Gene expression profiles are complex phenotypic datasets that can reflect the biological processes of target genes involved in metabolism, tissue, organ development and differentiation, and response to environmental changes in plants. In this study, we analyzed a subset gene expression profiles in several organs/tissues of S. miltiorrhiza. Since the genes in the same biosynthetic pathway are generally co-expressed, we compared the expression patterns of all 18 candidate ABC transporter genes with the upstream genes encoding SmCPS1, CYP76AH1, RAS and CYP98A14, which are key enzymes involved in tanshinone and SA biosynthesis, respectively (Fig. 6 and Additional file 3: Figure S2). This co-expression analysis further suggested that three ABCG members (SmABCG46, SmABCG40 and SmABCG4) and one ABCC member (SmABCC1) members might be involved in transport of tanshinone and SA in S. miltiorrhiza, respectively (Fig. 6). The co-expression of the transporter genes with the key enzymatic genes in the secondary metabolic pathway (Fig. 6) and the expression induced by ABA and MeJA (Fig. 7) provided evidence that these transporters might be involved in the transport of secondary metabolites in S. miltiorrhiza.
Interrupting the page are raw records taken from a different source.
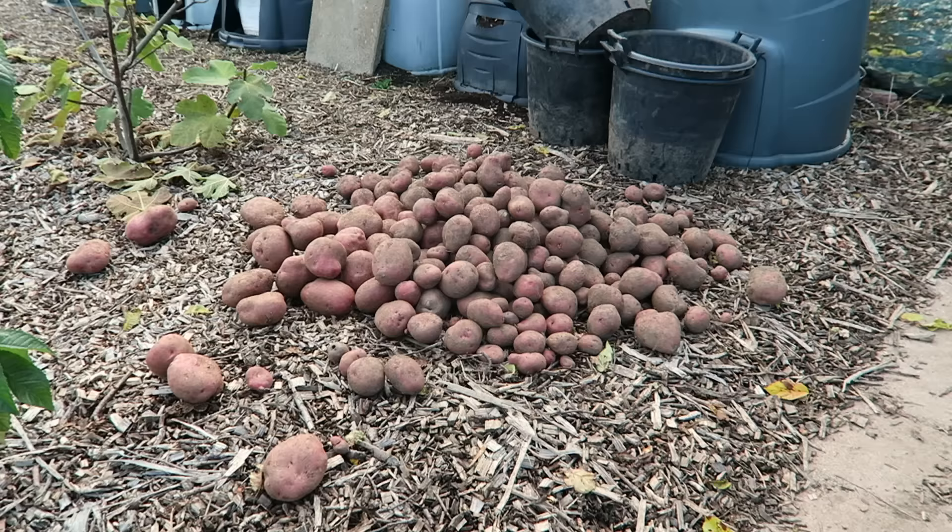So you've had a fantastic crop of potatoes. Now all you need to do is preserve and store them right through the winter to be able to make the most of that crop. In this episode I'm going to show you four fantastic ways in which to preserve and store your potatoes right through the winter and into late spring.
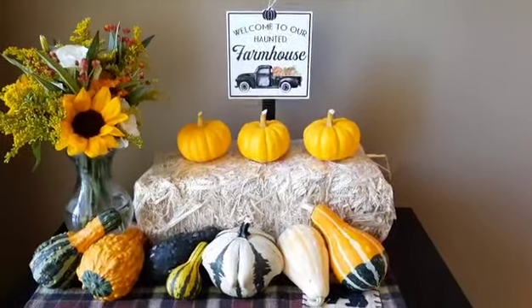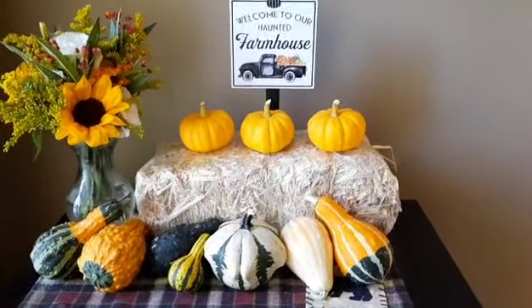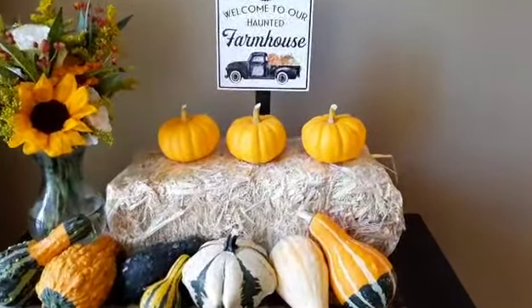Good morning, everyone. From Zone 5B, we did it. We harvested three Jack Be Little pumpkins. These started out mid-June from seed indoors. July 1st, we put them outside in a five-gallon grow bag, and we got three little pumpkins. And I'm so happy.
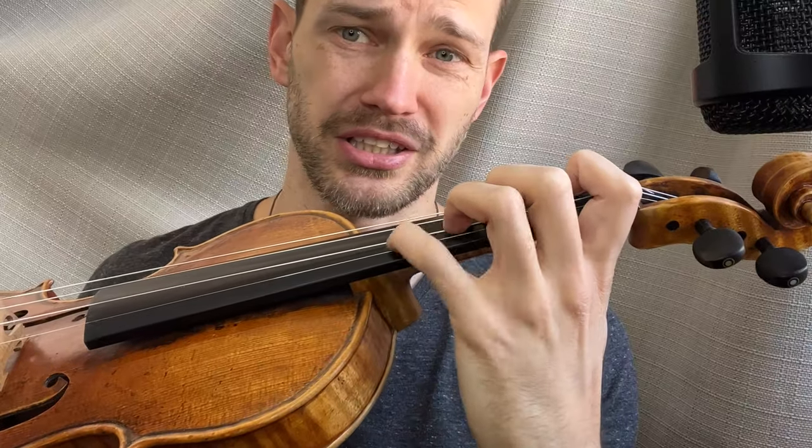This makes the fourth finger much more accessible — you see, it's right there. Whereas if I were down here, it's tough. Now there's something to be said about building strength in your fourth finger, but I don't think it's nearly as big a deal as you may think it is. Rather than thinking of it as strength, I think it's really training the finger to understand how you place it on the fingerboard in order to avoid the collapsing in the first place.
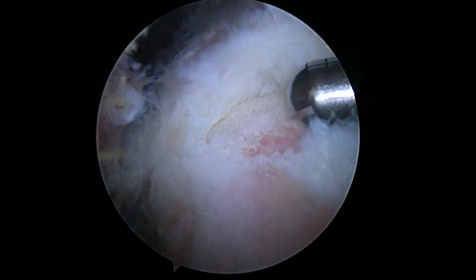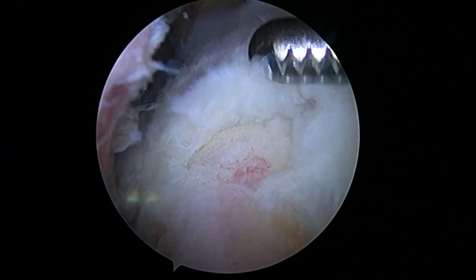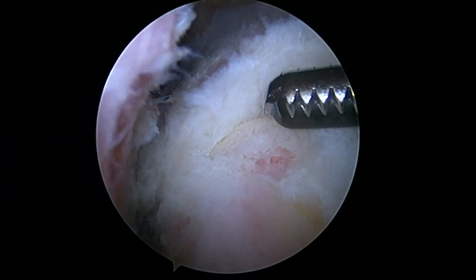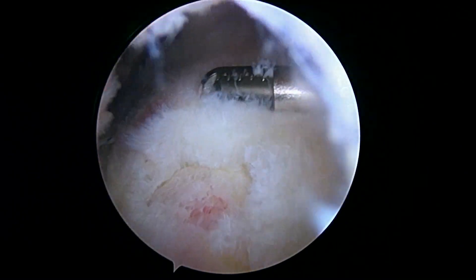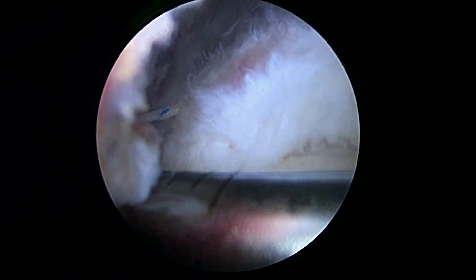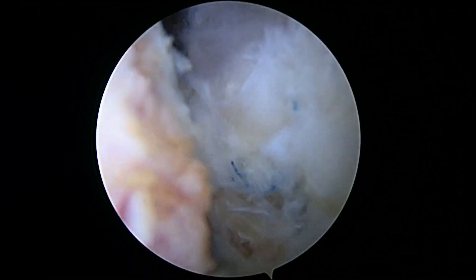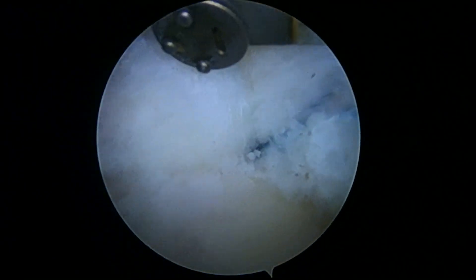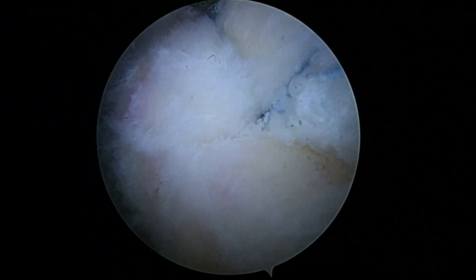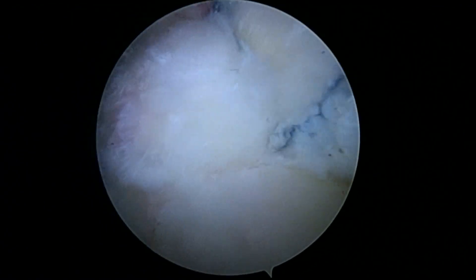We're going to place one rotator cuff anchor down here. So we've got our biceps tenodesis done with an anchor right there. We've got our rotator cuff repair with three sutures right there. I'm going to make a couple little holes in the greater tuberosity to try and take advantage of a little more healing.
For example, CsABCC4a and CsABCC2, highly expressed in the stigmas of C. sativus, enabled crocin transport in yeast microsomes and were highly co-expressed with total crocin levels and/or CsCCD2, which was the first described enzyme in the crocin biosynthetic pathway [50]. ABCG14 was highly co-expressed with cytokinin biosynthesis and was the major root-to-shoot cytokinin transporter [77]. We anticipate that a functional study in the near future will elucidate the molecular and physiological functions of the lead candidate ABC transporter involved in tanshinone and SA transport in this important medicinal plant.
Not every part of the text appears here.